What the task asks: Where a picture occurs in the data, omit it, and copy all remaining data exactly.

Dataset extract:
((
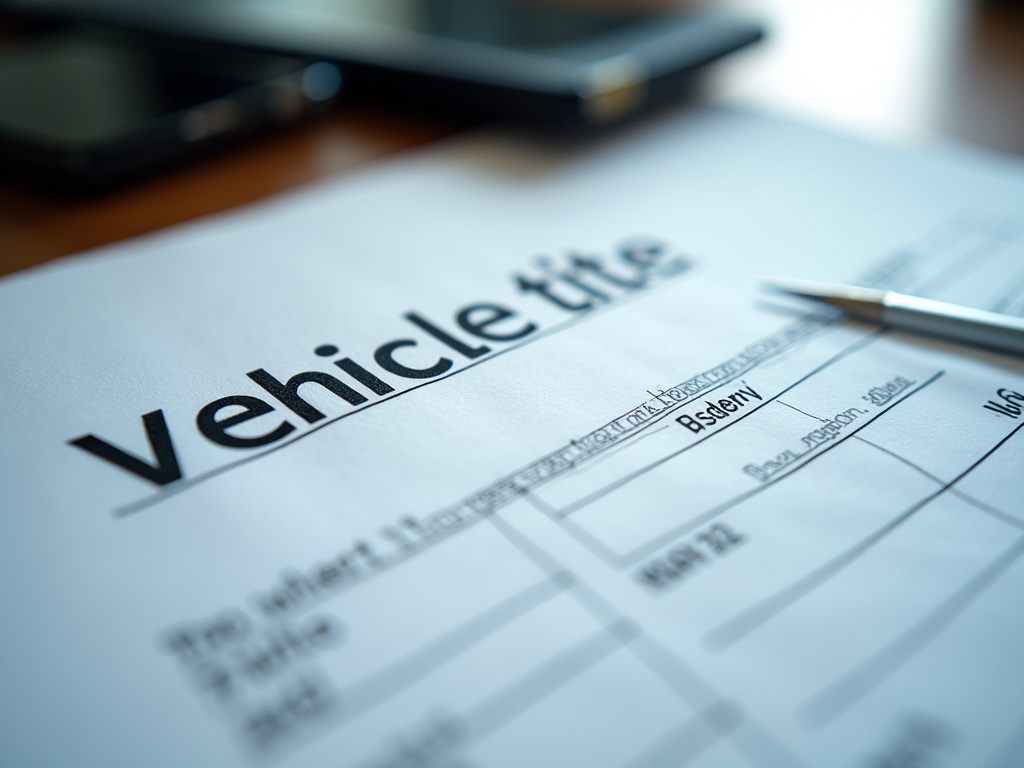 Vehicle title document — car title loans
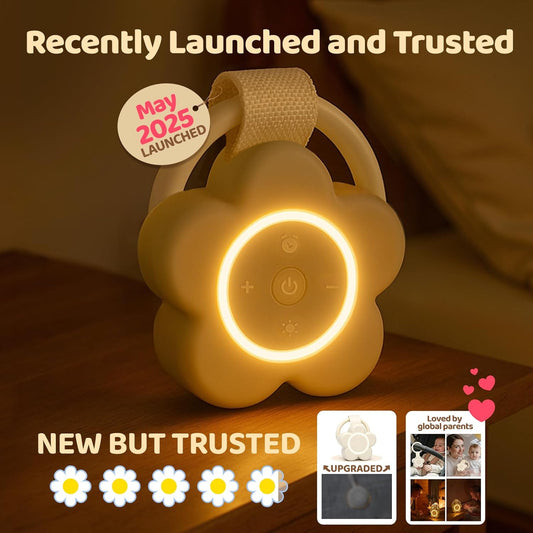 Portable White Noise Machine Baby Newborn Essentials & Adults - 25 Soothing Sounds | Rechargeable Travel Sound Machine Baby with Night Light | Timer & Volume Control | Nursery, Home, Sleep Aid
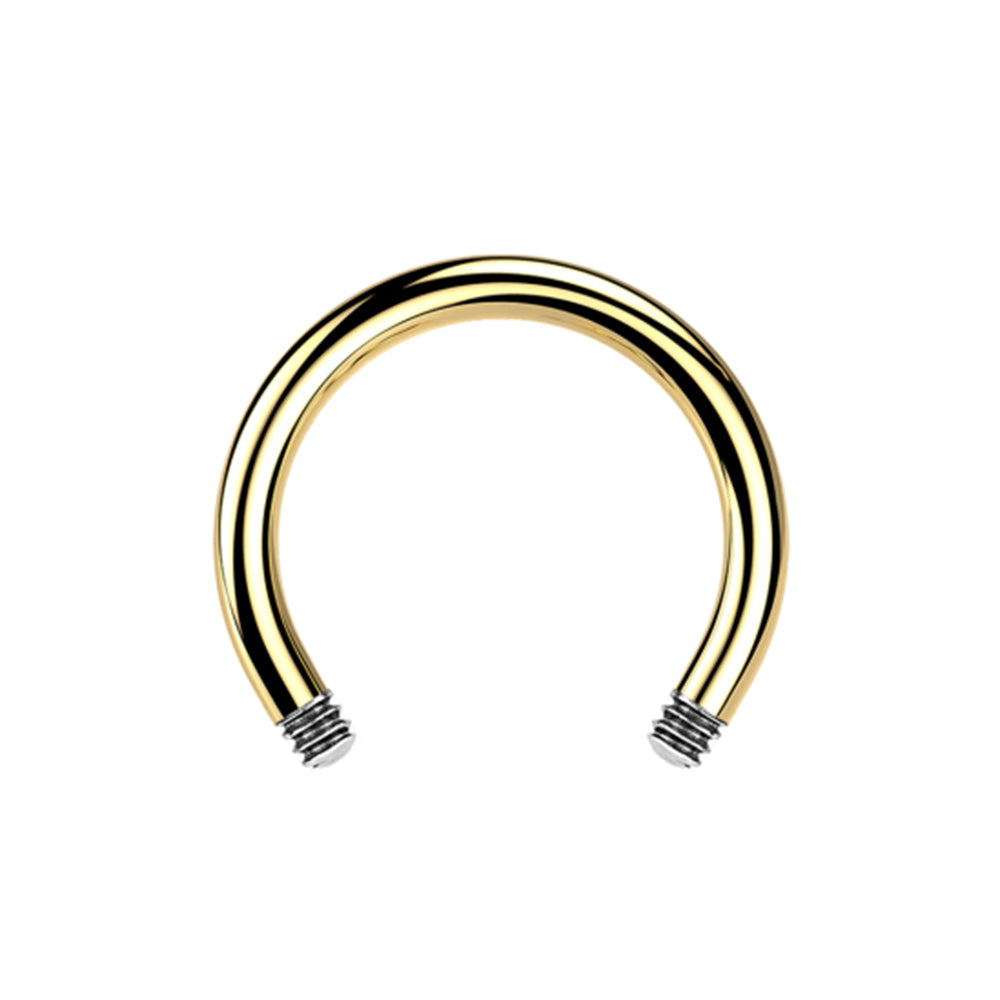 18K Gold Steel Circular Barbell ohne Schraubkugeln - Stärke 1.6mm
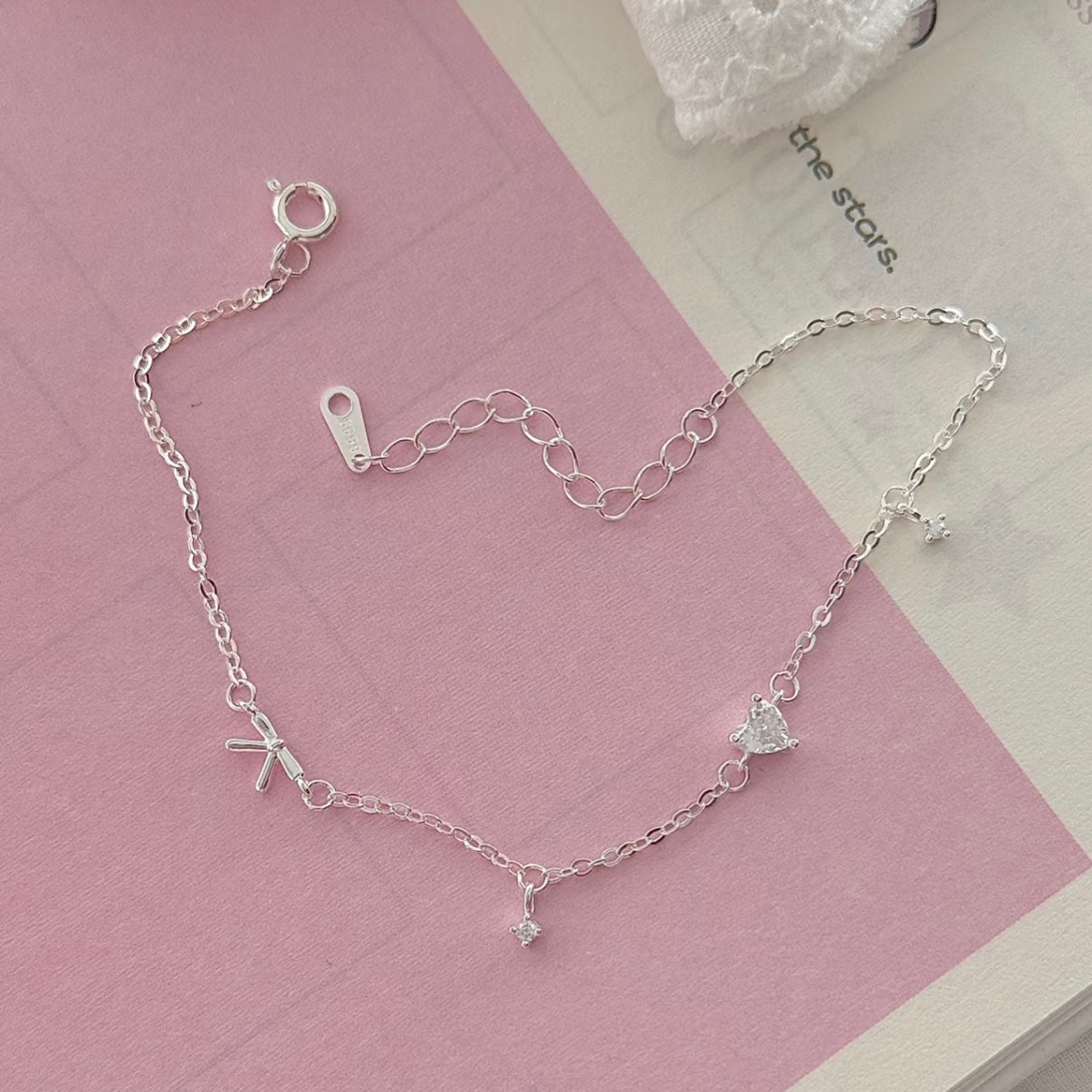 Starlight Delicate Heart Charm Link Bracelet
))
Task result:
 Vehicle title document — car title loans
 Portable White Noise Machine Baby Newborn Essentials & Adults - 25 Soothing Sounds | Rechargeable Travel Sound Machine Baby with Night Light | Timer & Volume Control | Nursery, Home, Sleep Aid
 18K Gold Steel Circular Barbell ohne Schraubkugeln - Stärke 1.6mm
 Starlight Delicate Heart Charm Link Bracelet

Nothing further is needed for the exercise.